Everything from the line with "Я выживаю на страшном мире в майнкрафт" to the line with "GB/T 22240-2008 Page 6" in the listing below, both lines included, needs to be copied exactly, apart from the pictures.

THE RECORDS:
========================================================================
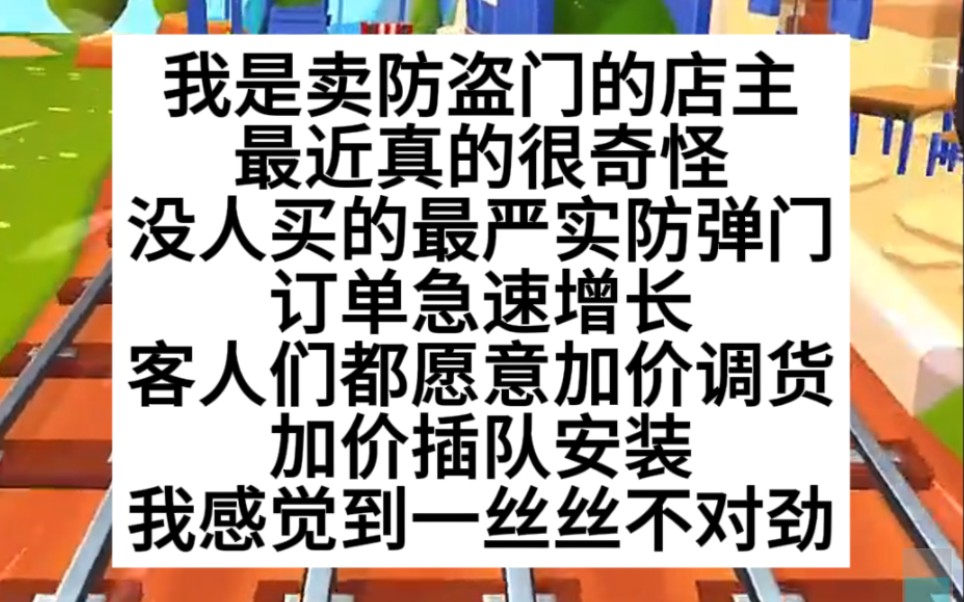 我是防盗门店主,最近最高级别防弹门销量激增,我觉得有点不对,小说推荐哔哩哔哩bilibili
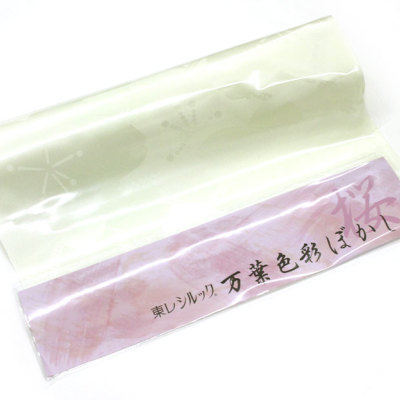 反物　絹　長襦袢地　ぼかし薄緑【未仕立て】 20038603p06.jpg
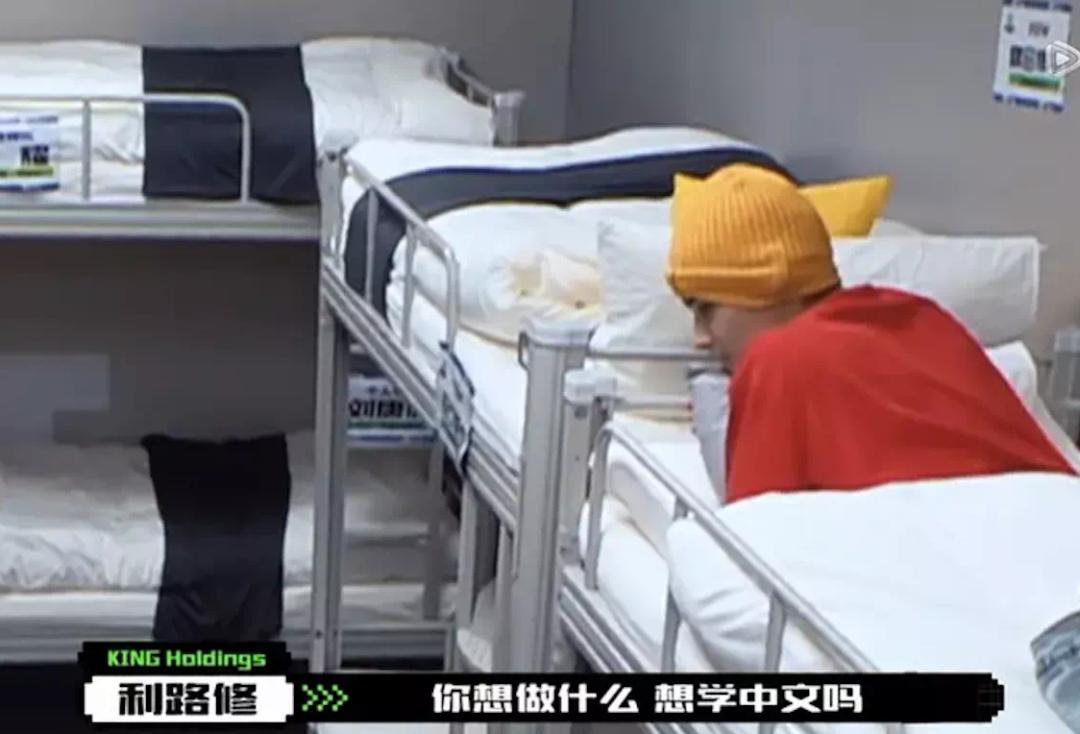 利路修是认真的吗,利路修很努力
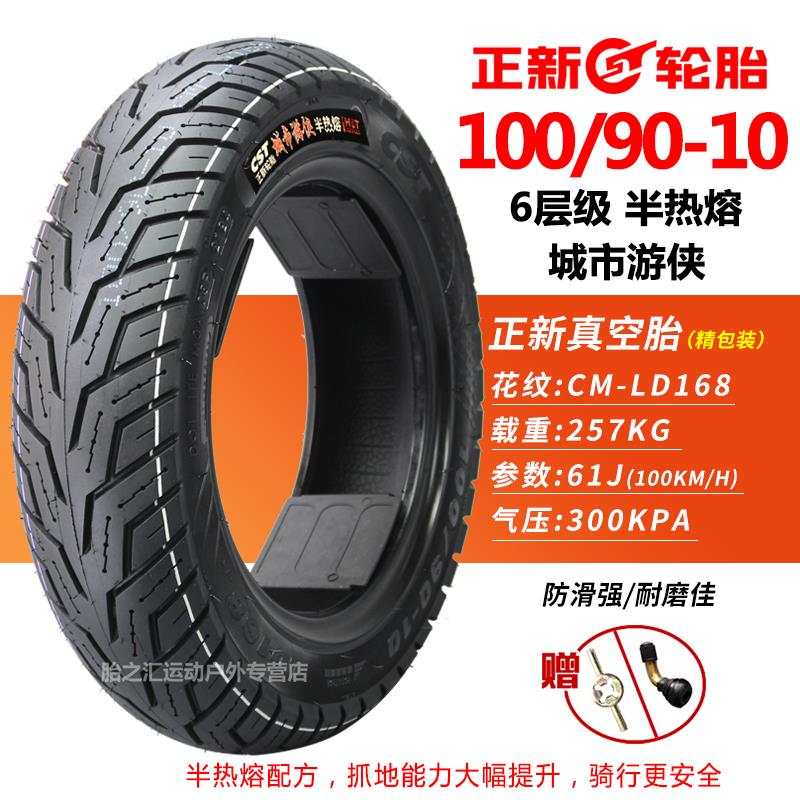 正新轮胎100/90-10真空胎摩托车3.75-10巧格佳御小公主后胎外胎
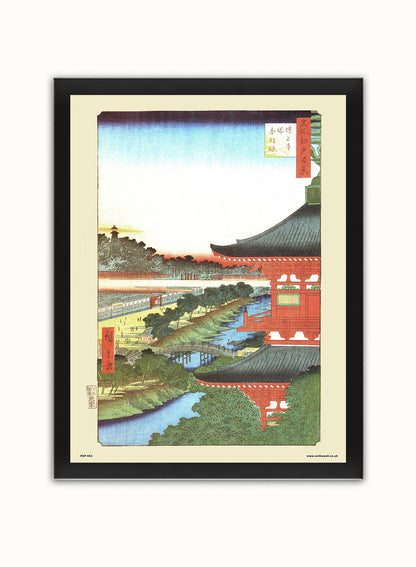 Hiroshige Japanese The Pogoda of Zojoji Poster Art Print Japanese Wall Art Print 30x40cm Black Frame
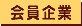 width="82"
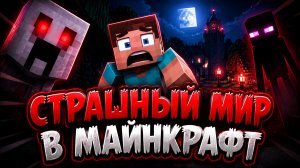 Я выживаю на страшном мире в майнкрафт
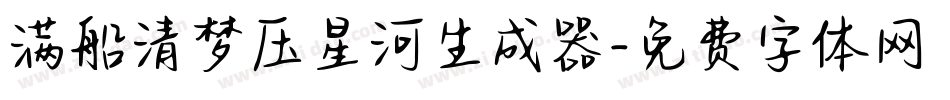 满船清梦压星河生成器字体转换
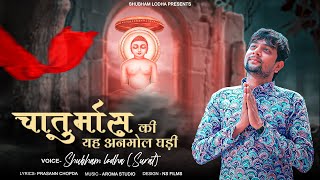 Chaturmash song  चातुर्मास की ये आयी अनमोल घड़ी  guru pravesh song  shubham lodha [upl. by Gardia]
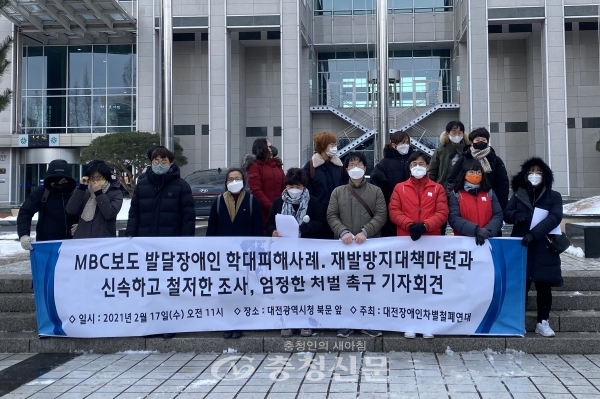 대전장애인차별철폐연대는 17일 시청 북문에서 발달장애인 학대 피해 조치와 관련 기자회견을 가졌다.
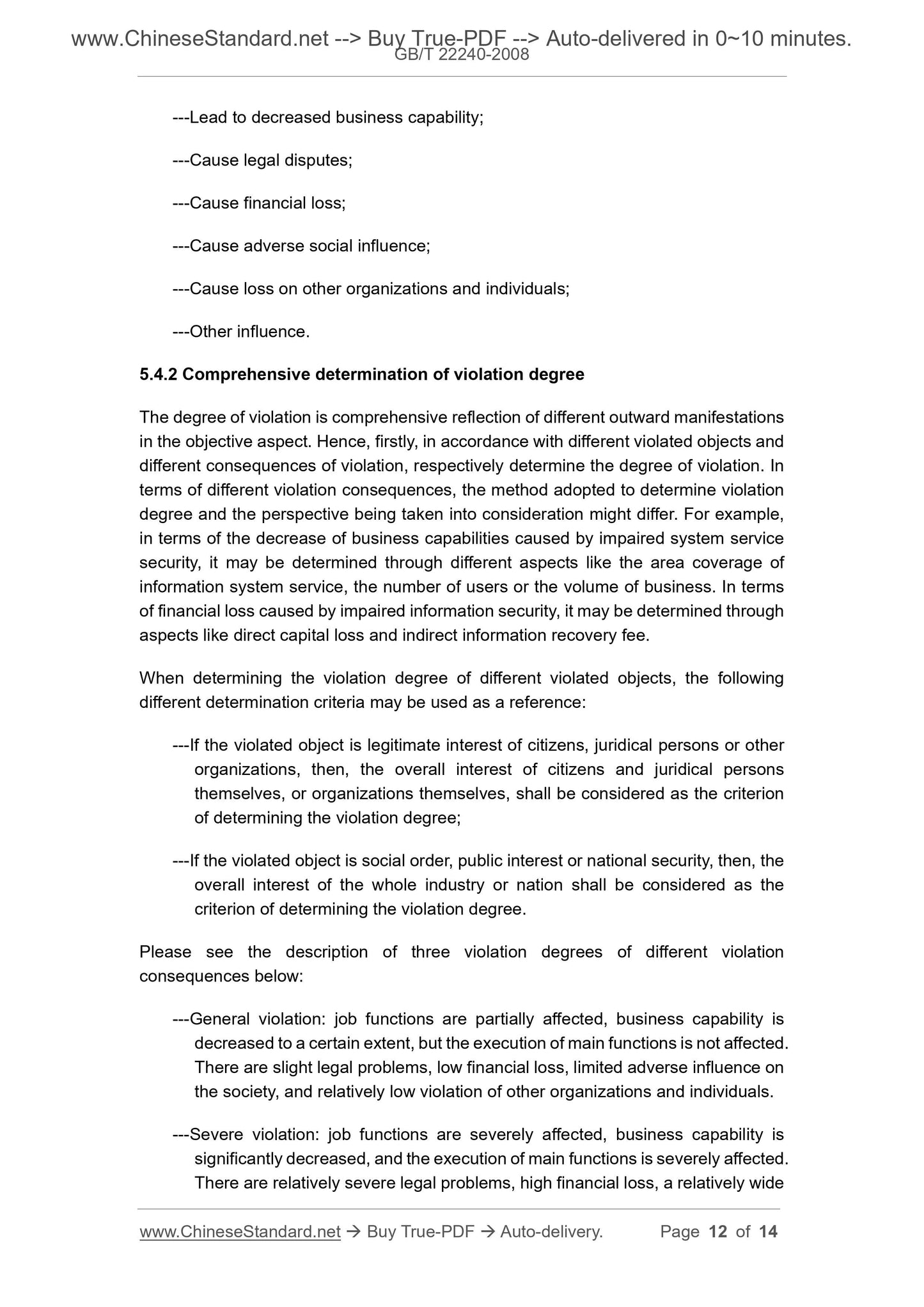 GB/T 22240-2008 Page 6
========================================================================
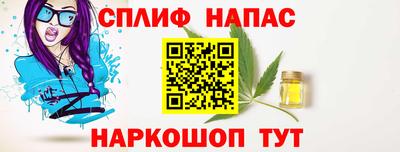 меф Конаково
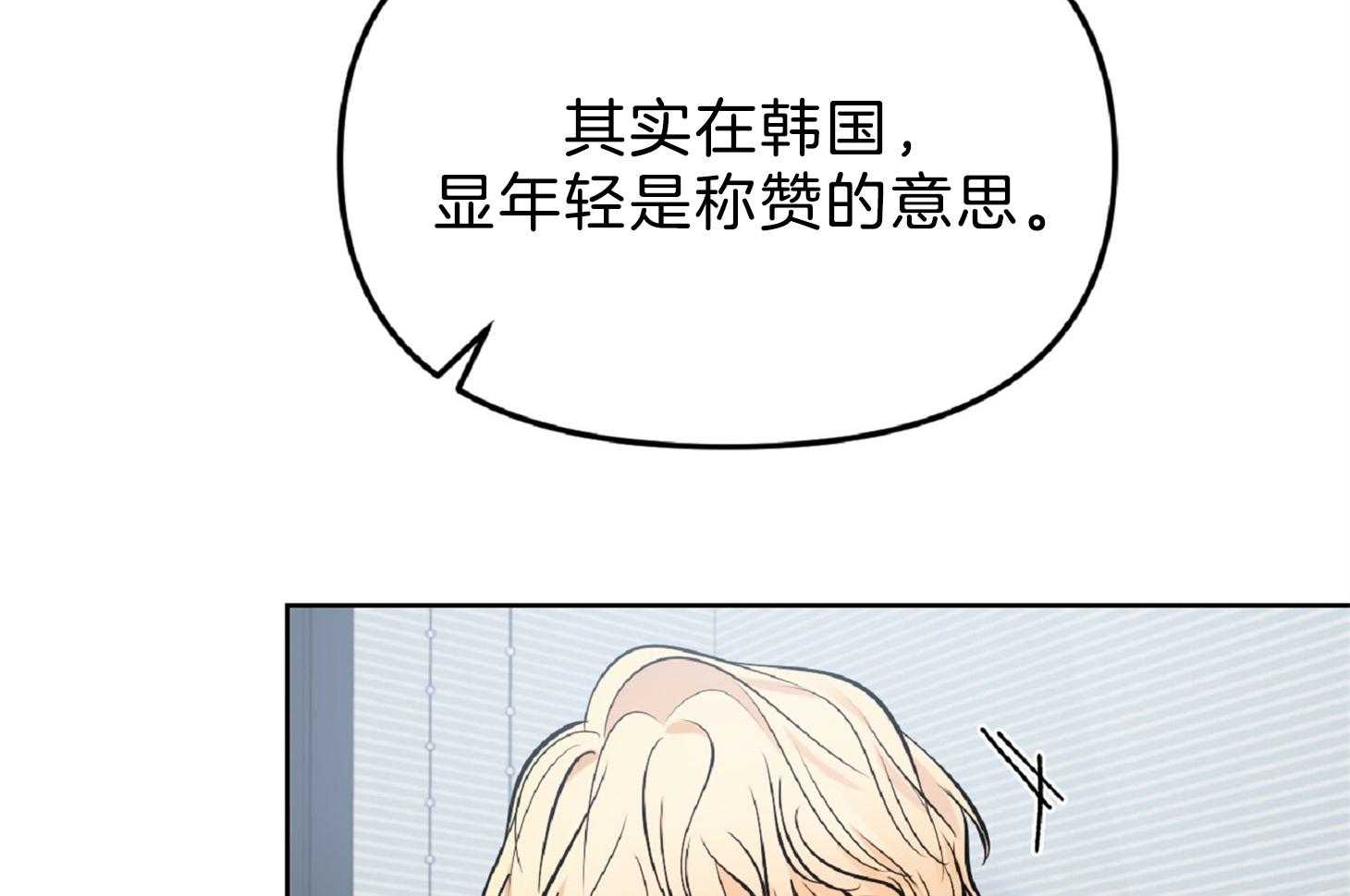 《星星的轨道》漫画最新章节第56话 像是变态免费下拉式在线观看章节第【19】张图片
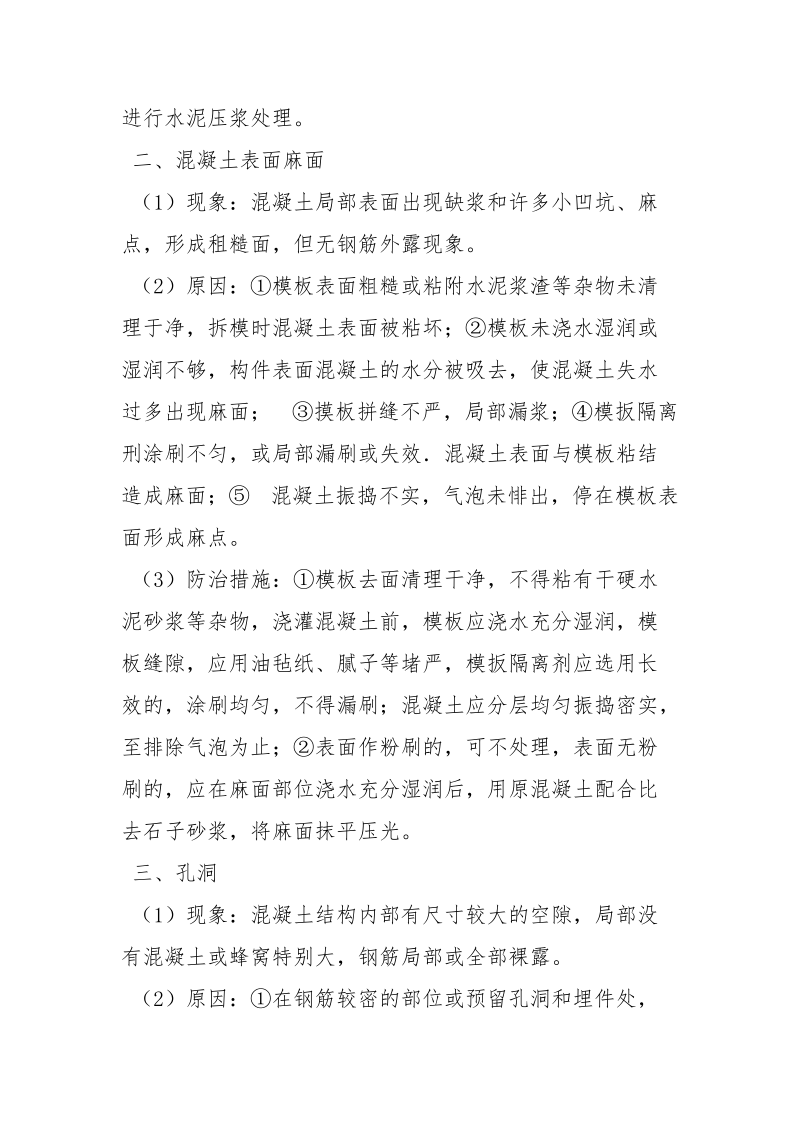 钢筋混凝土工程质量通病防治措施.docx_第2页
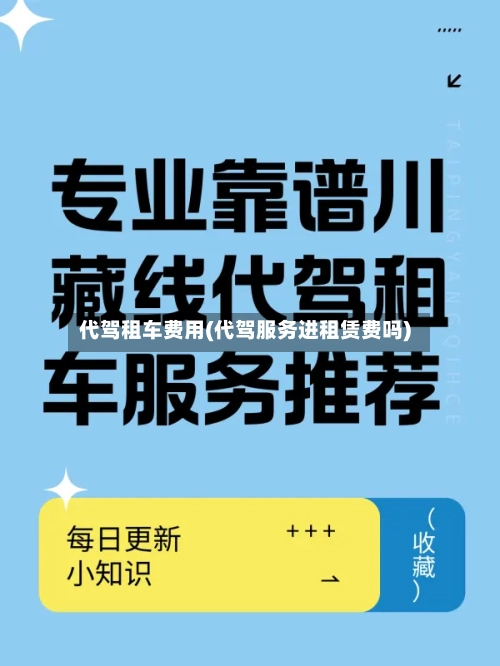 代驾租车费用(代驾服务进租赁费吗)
========================================================================
WRITTEN RESPONSE:
 Я выживаю на страшном мире в майнкрафт
 满船清梦压星河生成器字体转换
 Chaturmash song  चातुर्मास की ये आयी अनमोल घड़ी  guru pravesh song  shubham lodha [upl. by Gardia]
 대전장애인차별철폐연대는 17일 시청 북문에서 발달장애인 학대 피해 조치와 관련 기자회견을 가졌다.
 GB/T 22240-2008 Page 6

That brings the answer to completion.